How old is too old to drive? And if you are caring for an elderly person, should you report them to the authorities and force them to surrender their licence before they become a hazard to other road users? Michele Couston battled for three years to make her father John give up his licence as his driving became increasingly dangerous. When all the reasoning, pleading and increasingly acrimonious arguments fell on deaf ears, she took the difficult decision to report the 76-year-old.
The problems began when he was diagnosed with encephalitis, a condition that causes inflammation of the brain. “He was having these ‘minor absences’,” says Couston, a designer from south London. “For a few moments he just wasn’t there. There is no way he should have been driving.”
Before his retirement her father had enjoyed a high-profile career with the United Nations. “He was always the top dog in our family,” says Couston. “He was old-fashioned and for him driving was part of his manhood. It was a macho thing, as it is for a lot of men of his generation, I think.”
Couston, her husband and her brother all tried to persuade her father to give up. “I kept worrying that he would cause an accident. The doctors had advised him not to drive but his attitude was always, ‘What do doctors know?’ ” About a year after the diagnosis Couston’s father was near his home in Rome when he pulled out in front of another car. The other driver swerved to avoid his Ford Sierra and went careering into the central reservation. The driver later won substantial compensation. “I just don’t think my father was looking,” says Couston.

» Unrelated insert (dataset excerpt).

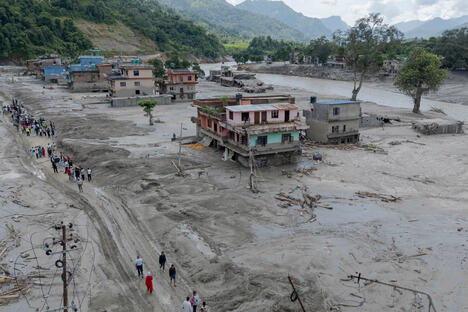 101 AP Sulav Shrestha.jpg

For a while he was persuaded not to drive but then he was spotted by a family friend driving at speed and
his children became increasingly concerned. “We did everything to try to stop him driving,” says Couston. “We’d take away his keys, his licence, but he just kept getting it renewed. And he kept putting deposits down on new cars. He was really determined not to listen to reason. We tried everything and in the end you just feel like a bully.”
When her father, a Canadian citizen, set off on his third trip to Canada to replace his licence, Couston and her family intervened. She spoke to the Canadian equivalent of the Driver and Vehicle Licensing Agency, gave them her father’s details and told them he was not fit to drive. “They listened to what I had to say and my father didn’t get a new licence. We’ve not spoken about it since.”

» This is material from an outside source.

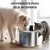 Newpet Filtro de bebedouro automático para gatos com capacidade de 3L em aço i na internet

Couston now thinks it is time something was done to take the burden away from sons and daughters. “I think that after the age of 70 there should be annual medical assessments because you can’t always rely on people to know or admit to themselves when it’s time to stop driving.”
Alex Pell, a journalist from west London, agrees. When Edward, his 70-year-old car-mad father, was diagnosed with lung cancer, Pell faced the prospect of trying to persuade him to part with his licence. “He loved driving and was always coming up with excuses to go for a drive,” says Pell. “We always went on driving holidays when we were kids and my mum used to joke that he’d have driven up the aisle if he could.”

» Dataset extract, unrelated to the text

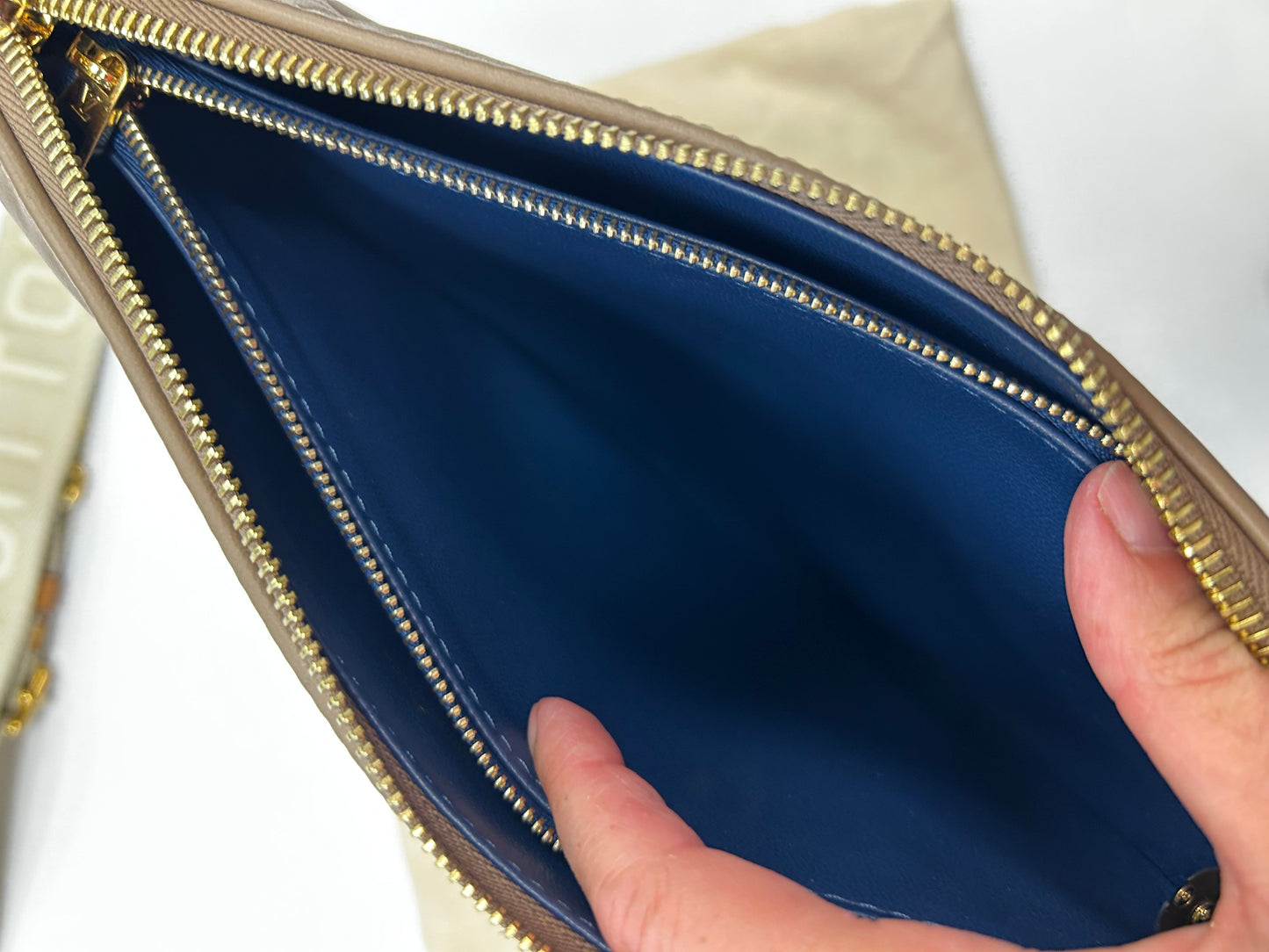 Handbag Luxury Designer By Louis Vuitton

As his health deteriorated Pell’s father was prescribed increasingly strong drugs. Doctors advised him not to drive but he refused to give up his new Ford Mondeo.
“He was taking really heavy-duty opium-based painkillers,” says Pell. “It was frankly ridiculous for him to be in a car. He started to get quite erratic, driving the wrong way down one-way streets, reversing into walls. The doctors advised him not to drive but they didn’t exactly order him not to and he just ignored them. I kept dreading I’d get a phone call telling me he’d been in a terrible accident.”